Refrigeration – Automatic control – Refrigeration producer
Reexamination Certificate
2003-03-21
2004-02-24
Tapolcai, William E. (Department: 3744)
Refrigeration
Automatic control
Refrigeration producer
C092S012200, C092S013000, C417S222200
Reexamination Certificate
active
06694764
ABSTRACT:
FIELD OF THE INVENTION
The present invention relates to an air conditioning system using a refrigerant to control a temperature of a climate-controlled area. More specifically, the present invention relates to an air conditioning system utilizing a compressor driven by an electric motor and having an adjustable compression mechanism to control a current pressure in the refrigerant circuit thereby controlling the temperature of the climate-controlled area.

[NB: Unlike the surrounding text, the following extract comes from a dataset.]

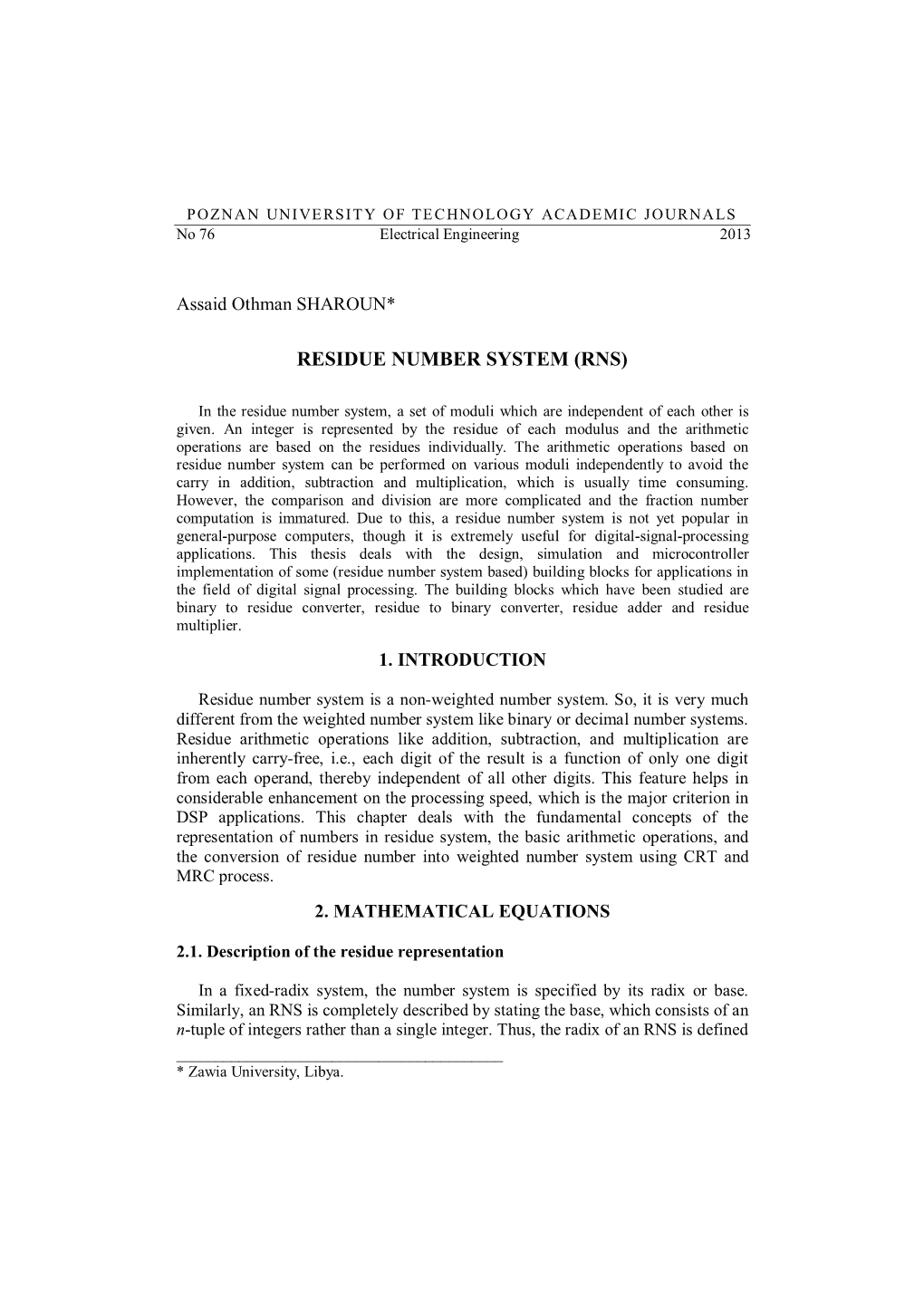 Residue Number System (Rns)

BACKGROUND OF THE INVENTION
Air conditioning systems using a refrigerant are well known in the art for controlling a temperature of climate-controlled areas such as interiors of buildings, vehicle cabins, meat lockers, and the like. A typical prior art, air conditioning system for controlling the temperature of the climate-controlled area comprises a refrigerant circuit for circulating the refrigerant under a pressure. A compressor compresses the refrigerant in the refrigerant circuit and forces the refrigerant in the form of a pressurized gas to a condenser. The condenser then condenses the pressurized gas refrigerant into a pressurized liquid refrigerant. From there, the liquid refrigerant is conveyed to an expansion device in which the liquid refrigerant is expanded to reduce pressure and temperature. Next, the refrigerant is conveyed to an evaporator. Air to be cooled travels across the evaporator and the refrigerant inside the evaporator absorbs heat from the air thereby boiling the refrigerant and converting the refrigerant into a gas. Once the refrigerant has been cycled through the evaporator, an accumulator-dehydrator may be used to separate any remaining liquid refrigerant in the refrigerant circuit that has passed through the evaporator. Liquid refrigerant may foul the compressor. Finally, once separated, the gas refrigerant is conveyed back to the compressor to begin the cycle again.

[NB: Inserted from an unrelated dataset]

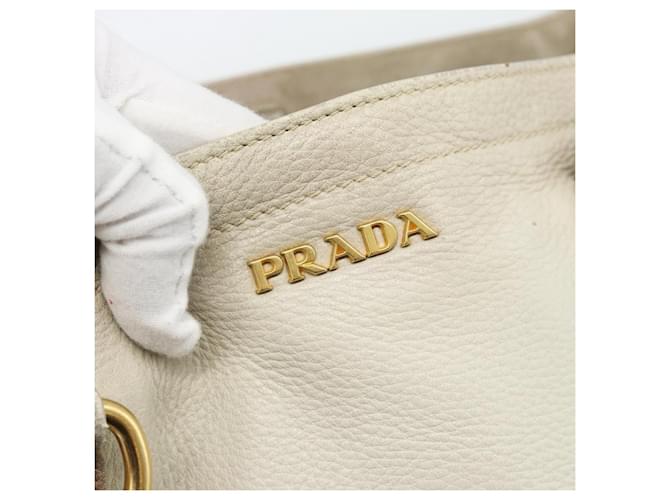 PRADA Tote Bag Leather 2way Beige - vista 19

Typically, when the climate-controlled area is a vehicle cabin, the compressor is belt-driven by a motor of the vehicle. However, more recently, as a result of the trend toward electric, hybrid, and fuel cell vehicles, the compressor is electrically operated. Electrically operated compressors are generally more efficient and in these types of vehicles, energy conservation via efficient components is critical. Likewise, when the climate-controlled area is a building or a meat locker, the compressor is typically electrically operated. Such systems generally utilize variable speed electric motors to adjust a current pressure in the refrigerant circuit to control the temperature of the climate-controlled area. The ability to vary the current pressure in the refrigerant circuit is important in maximizing efficiency of the compressor under different cooling conditions. While variable speed electric motors are capable of varying the current pressure of the refrigerant circuit, most electric motors have a maximum efficiency at one particular speed. Hence, varying the speed of the electric motor is counterproductive in maximizing efficiency of the compressor under different cooling conditions. Furthermore, the electronics required to operate the electric motor at variable speeds are costly, complex, and unreliable.

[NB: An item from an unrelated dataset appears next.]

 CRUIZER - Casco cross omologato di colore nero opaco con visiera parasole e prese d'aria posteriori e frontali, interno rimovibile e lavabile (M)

In alternative systems, multiple compressors operating at different speeds to generate different compression rates are utilized and the air conditioning system varies engagement of these compressors based on different cooling conditions to maximize efficiency. However, such systems are costly and require complex electronics to switch between the compressors.
One solution to the aforementioned problems is suggested in U.S. Pat. No. 6,230,507 to Ban et al. The '507 patent to Ban et al. shows an air conditioning system utilizing a compressor in a refrigerant circuit for controlling a temperature of a climate-controlled area. The compressor of Ban et al. utilizes a variable speed electric motor for driving the compressor. In addition, an adjustable compression mechanism for compressing the refrigerant is also utilized. Ban et al. teaches adjusting the compression mechanism, as well as adjusting the speed of the electric motor to maximize efficiency of the compressor. In Ban et al., the compression mechanism includes a swash plate and a plurality of pistons engaging the swash plate, as is well known in the art. An electronic control valve is used to vary an inclination angle of the swash plate thereby adjusting the compression mechanism and changing a current pressure in the refrigerant circuit.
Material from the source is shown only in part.